Everyone seems to agree that the Republicans are being hurt most by Iraq. But which voters are the ones who are being lost - Republicans, independents, Democrats?

Trippi: The big thing that's happening in this election is that independent voters who in the past two elections have tended to act - in terms of their voting behavior - more like Republicans than Democrats suddenly have shifted hard to voting Democratic….

Some Republicans believe the Iraq war is not worth the cost and blood and resources and feel that if the Iraqis don’t want to stand up for themselves we should get out of there, and the Bush administration is failing to deal with reality. They are starting to lose Republican support as well. That’s what’s starting to hurt Santorum. He’s losing not just independents but also some of the Republican base is defecting.

Specifically how did you use the Internet to "revolutionize" how political campaigns are run?

Trippi: Television is an isolating medium that takes people out of the process - it's one way. What the Internet's doing is making people matter again; making it possible for people to connect with each other for the common good or common purpose. That's what we did in the Dean campaign. You're seeing it in a lot of campaigns this year on both sides of the aisle. Getting more people to participate in the process is good for democracy, regardless of who wins. I think it's better that the American people actually participate instead of just viewing the negative ads on television. You are seeing both parties reach out and use the connective ability of the Internet and other technologies to get people to actually participate and become involved in the process. Again, I think that is good regardless of what party they're in.

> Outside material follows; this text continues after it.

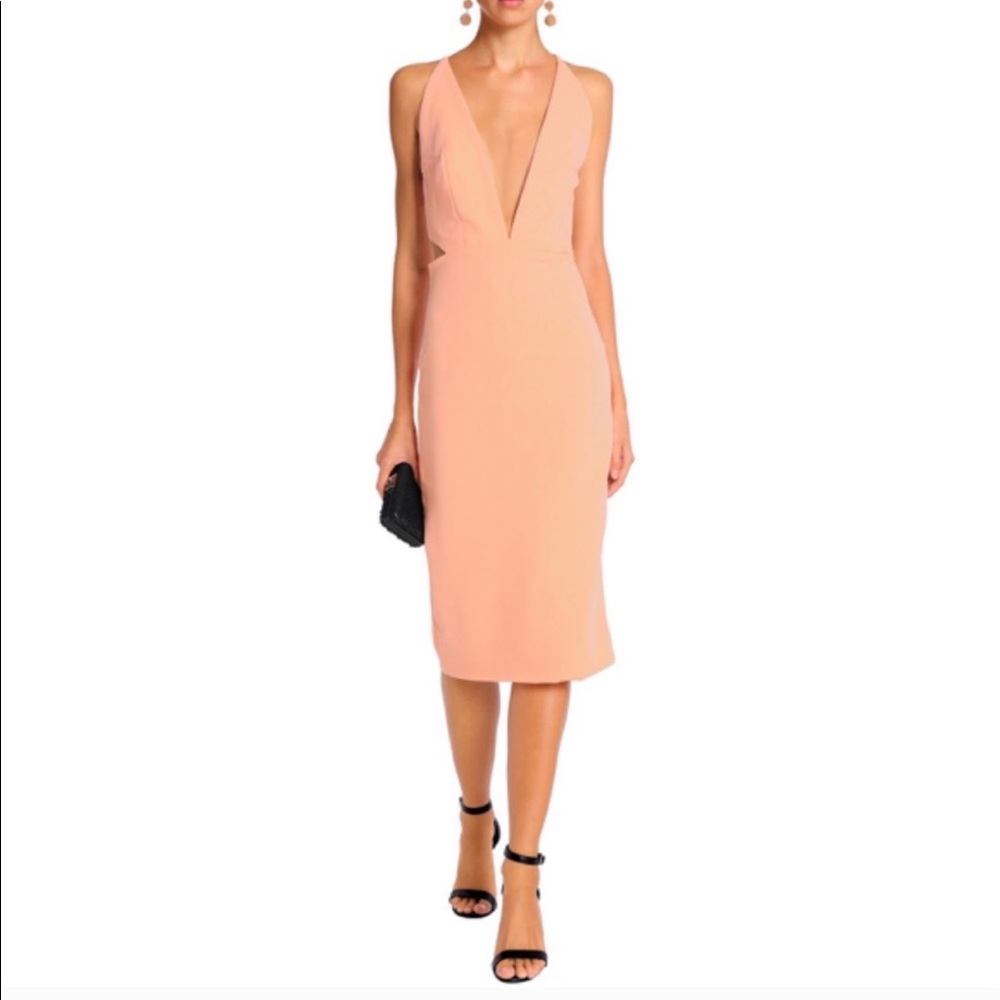 Solace London low plunge/backless dress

Can the Internet create new supporters or get out the vote?

Trippi: It's being used a lot differently now. People are using it to organize and get out the vote and get people activated. I think you're going to see a higher participation in an off-year election among younger voters than you've seen in any other election in our history. They're actually participating more now because of the Internet and getting each other to vote.
Campaigns are using those tools effectively. ...There are all kinds of different sites and things that are happening outside of the usual two-party committees. It’s not Rick Santorum and the Republican Senate Campaign Committee versus Bob Casey and the Democratic Senate Campaign Committee. You now have the Web site ActBlue.com urging people to contribute to Casey and raising $10 million and targeting selected races this year. You’re seeing sort of a decentralization where actual citizens don’t have to rely on the party committees; they can support their own candidates.

So it's truly a democratization of the political process?

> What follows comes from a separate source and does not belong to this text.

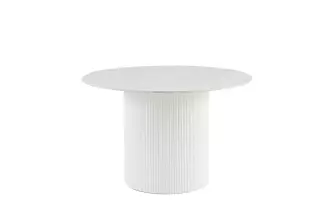 Kulatý jídelní stůl UNIQUE 120 CM bílý mramor/bílá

Trippi: Yeah, it really is. That's what we are seeing. It's the people at the bottom - and I don't mean that in an economic sense; I'm talking about ordinary people who now have a way to connect and put their $25 together or their four hours each working in the neighborhood for a common political good. I mean Republican political good or Democratic political good. It doesn't really matter. I'm really not trying to be partisan in my answer. This really is adding to participation, helping the democracy and democratizing which candidates even win the primaries.

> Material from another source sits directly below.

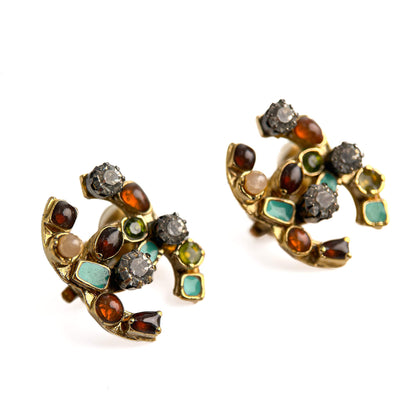 Second hand Chanel CC Metal & Gripoix Glass SCO Earrings Multicolor - Tabita Bags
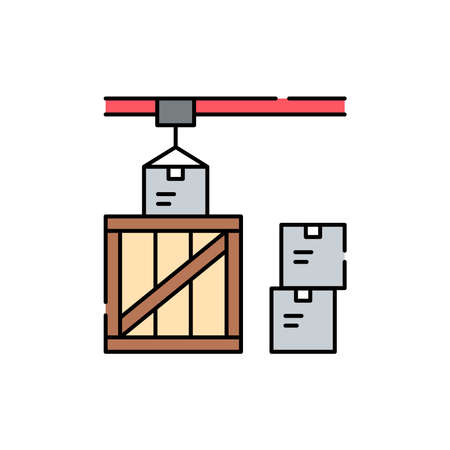 Packing orders olor line icon. Pictogram for web page, mobile app, promo. UI UX GUI design element....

Look at what happened in Connecticut. Joe Lieberman may indeed win his Senate seat, but it wasn't any of the usual political institutions like the Democratic Senate Campaign Committee that decided it. It wasn't the normal guys in the back room deciding who was going to get the party's nomination. Citizens actually banded together and for whatever reasons, good or bad, changed the nomination process and actually nominated Ned Lamont to be the Democratic Party's standard-bearer. That's the kind of shift you are going to see occur more in the future.

What will happen in the House and Senate on Tuesday?

Trippi: I think the House is going to be really big - at the upper end of some of the numbers. It could easily be 35 seats won by the Democrats. The Senate is the one that's tough to predict because it really could go either way.

I could see anything from Democrats only gaining four or five seats to gaining eight seats. That's possible, but my guess is that Democrats are going to come up a seat or two short in the Senate.